Most Rev Fisichella’s openings have a counterpart in number 27 of John Paul II’s encyclical Fides et ratio, which he quoted: “Hypotheses may fascinate, but they do not satisfy. Whether we admit it or not, there comes for everyone the moment when personal existence must be anchored to a truth recognized as final, a truth which confers a certitude no longer open to doubt.”

Thus we come to what the Auxiliary Bishop of Rome called the “watershed” between religions: the historical fact of God who makes Himself Man. “I always exhort my priests,” he said, “to a particular attention to the homily for Christmas Day. It is there,” he added, “that we grasp a preacher’s ability, right there that we find the watershed with other faiths.”

He quoted a number of writers and historical references: Von Balthasar, Péguy, Newman, Claudel, and even some aspects of Merton. It was like listening to the titles of the works that Giussani himself proposes today in the “Books of the Christian Spirit” series: “This is the particularity of Christianity,” Fisichella concludes, “and here lies the courage of every man to analyze it.”

The heart of the matter
Stimulated by the questions of Roberto Fontolan, moderator of the event, Fisichella moved onto the terrain of current events: “It is not true,” he said, “that all religions are equal, just as it is not true that all religions lead equally to salvation.” These words fell like stones after weeks of polemic from the secular world, after floods of ink that, in the attempt to separate faith from reason, resulted in the statement on the front page of Corriere della Sera, saying, “When the infinite descends into the finite, it is the beginning of irrationality.” Or, as Filippo Gentiloni wrote in il manifesto, “Atheists had been saying it for some time; recent events have simply confirmed that they were right. Whatever you call him, God is inexistent, useless, and harmful, if it is true, as it is true, that people kill in his name in view of some kind of Paradise.”

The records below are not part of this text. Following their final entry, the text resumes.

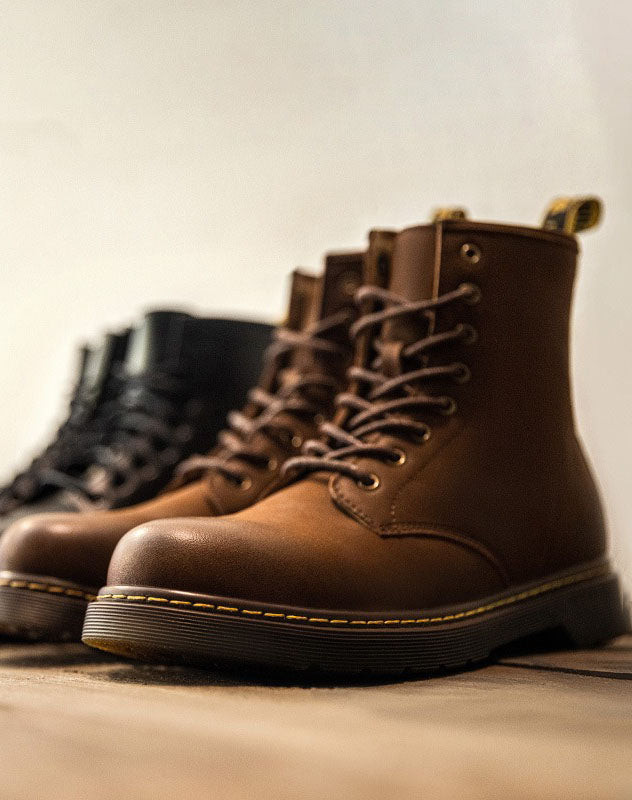 British Retro High-Top Leather motorcycle Versatile Martin Men's Boot - Harmony Gallery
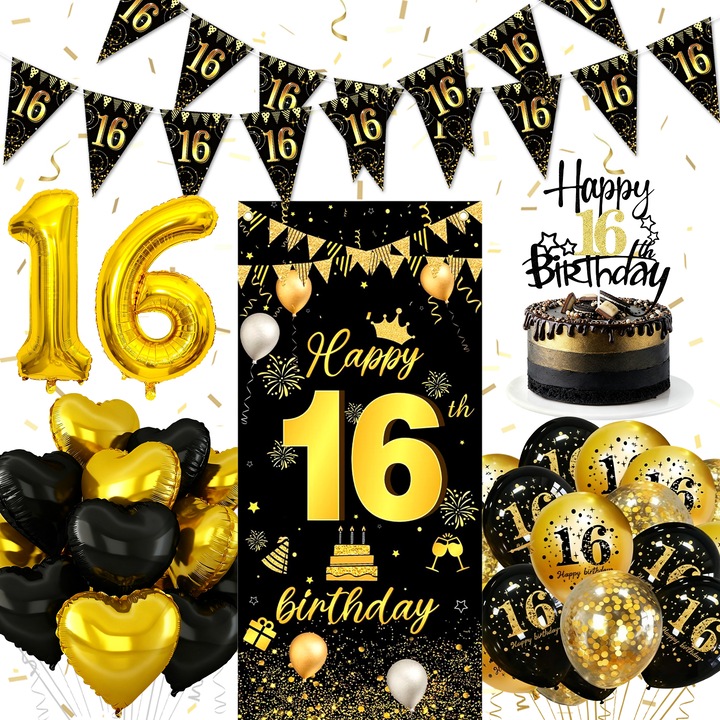 Комплект балони за 16-ти рожден ден, черно и златно, флагове, фон, декорации за 16-ти рожден ден, декорации за парти, латекс, балони със сърца и цифри, декорации за торта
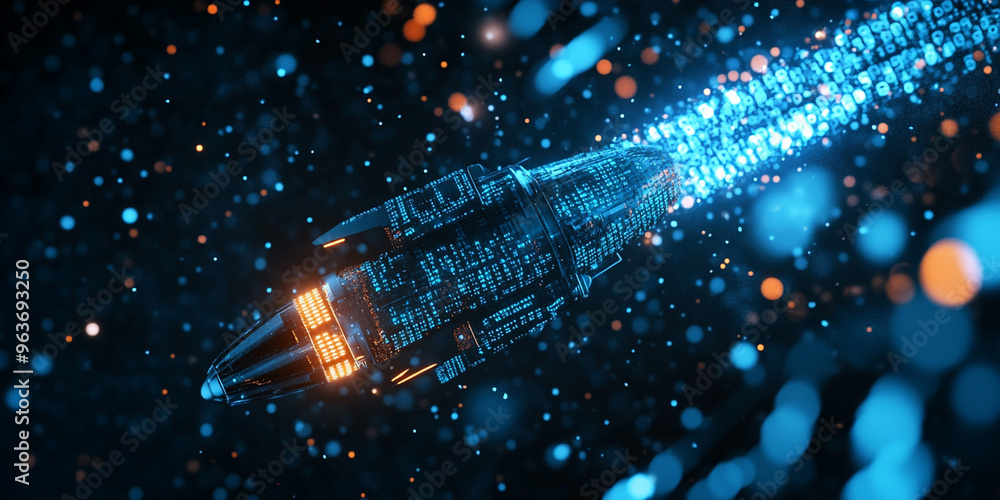 Poster digital spacecraft hologram accelerating through data streams, symbolizing futuristic transportation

“Today,” Vittadini accused, “what is denied is not one faith rather than another, but the very possibility for man to know God, the very notion of reason.” This is the heart of the matter, because if reason can affirm at its summit the perception of the Mystery, herein lies the foundation of the possibility for dialogue among all men. The foundation of peace is here, as John Paul II never tires of reminding us, especially since September 11th.

The evening drew to a close; the audience filed silently out among the traces of Baroque Rome, looking at the glory displayed in architecture and painting of a Church that in Rome made beauty an instrument of truth, a Church that five hundred years ago was not afraid to set up a dialogue starting from a “claim” of truth. And today?